# Exercise data
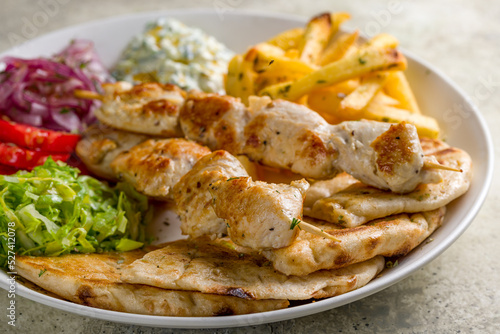 souvlaki with chicken and pita on white plate, Greek cuisine macro close up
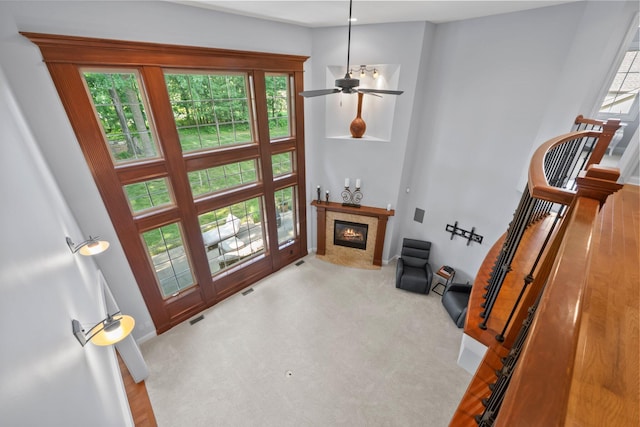 6820 Mahogany Dr, Galena, OH 43021 - carpeted living room with a fireplace, a towering ceiling, and ceiling fan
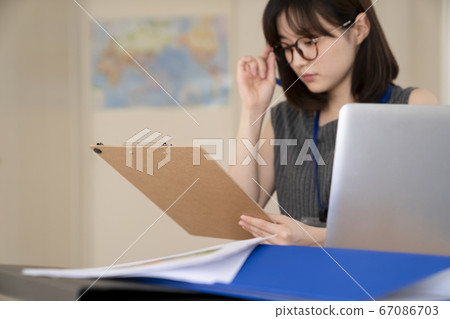 Young woman working in the office Young woman working in the office 67086703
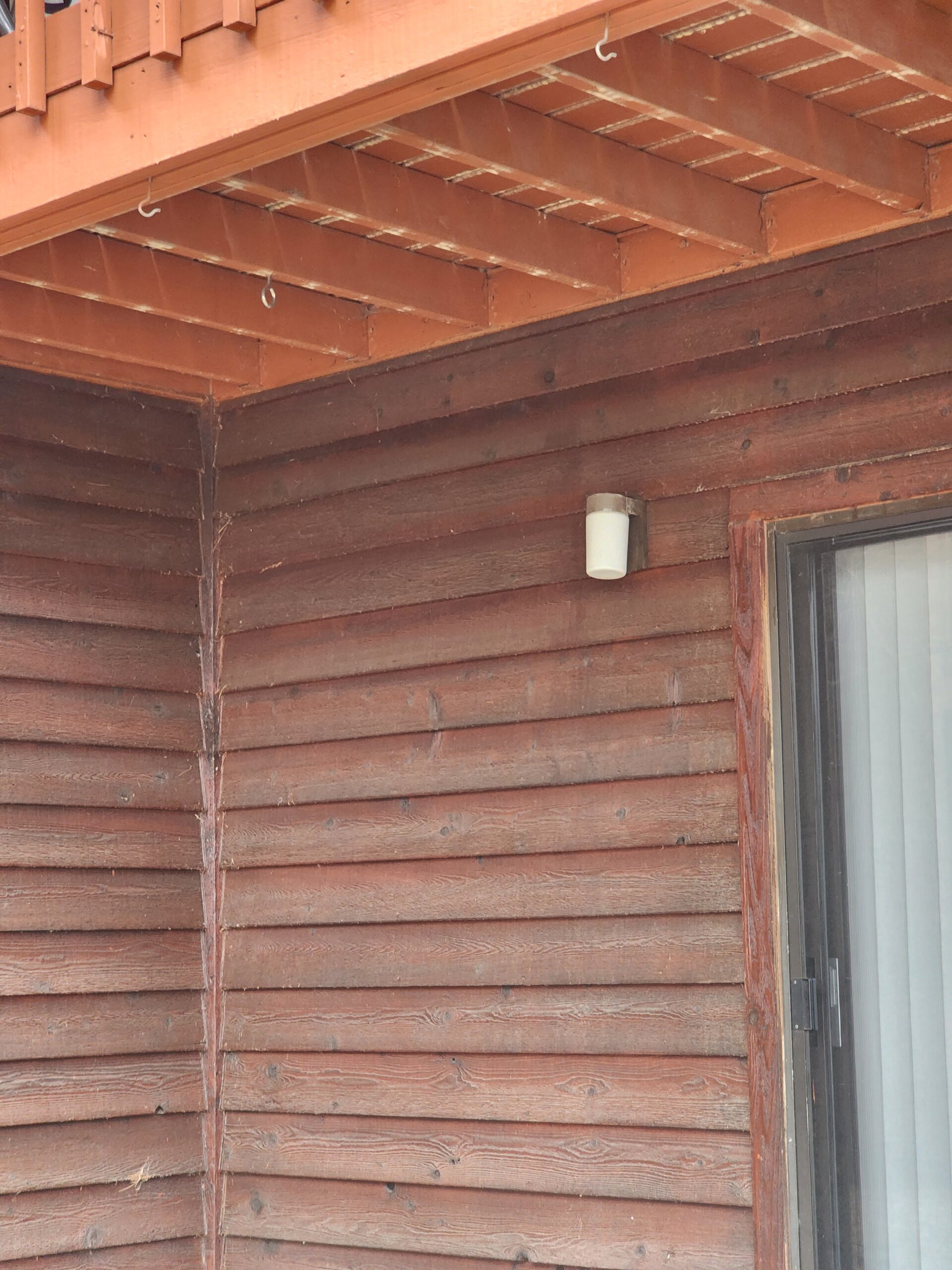 Wood cabin exterior with wall light under balcony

# Problem statement
Transcribe the listing above exactly, leaving every picture out.

# Exercise answer
 souvlaki with chicken and pita on white plate, Greek cuisine macro close up
 6820 Mahogany Dr, Galena, OH 43021 - carpeted living room with a fireplace, a towering ceiling, and ceiling fan
 Young woman working in the office Young woman working in the office 67086703
 Wood cabin exterior with wall light under balcony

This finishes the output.